● **DATA SUPPLIED**:
--------------------------------------------------
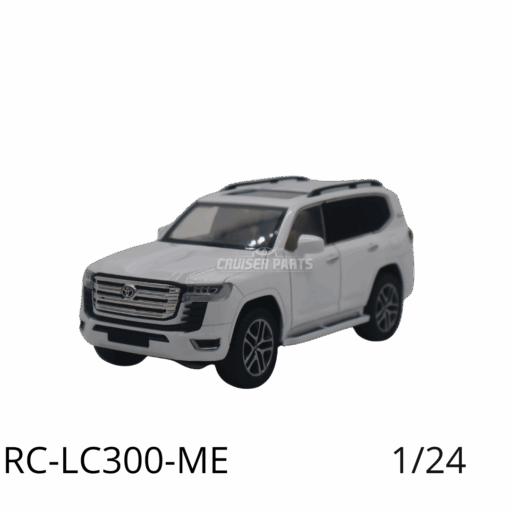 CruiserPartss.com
--------------------------------------------------
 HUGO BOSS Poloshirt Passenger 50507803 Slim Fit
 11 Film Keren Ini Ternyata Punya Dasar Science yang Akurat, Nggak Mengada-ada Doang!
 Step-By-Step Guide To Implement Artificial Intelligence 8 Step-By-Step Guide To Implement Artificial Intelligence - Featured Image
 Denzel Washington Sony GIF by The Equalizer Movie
--------------------------------------------------
● **ACTIVITY**: Print exactly the lines above, between the one holding "Step-By-Step Guide To Implement Artificial Intelligence 8" and the one holding "Denzel Washington Sony", inclusive, and nothing besides.

● **EXERCISE OUTPUT**:
 Step-By-Step Guide To Implement Artificial Intelligence 8 Step-By-Step Guide To Implement Artificial Intelligence - Featured Image
 Denzel Washington Sony GIF by The Equalizer Movie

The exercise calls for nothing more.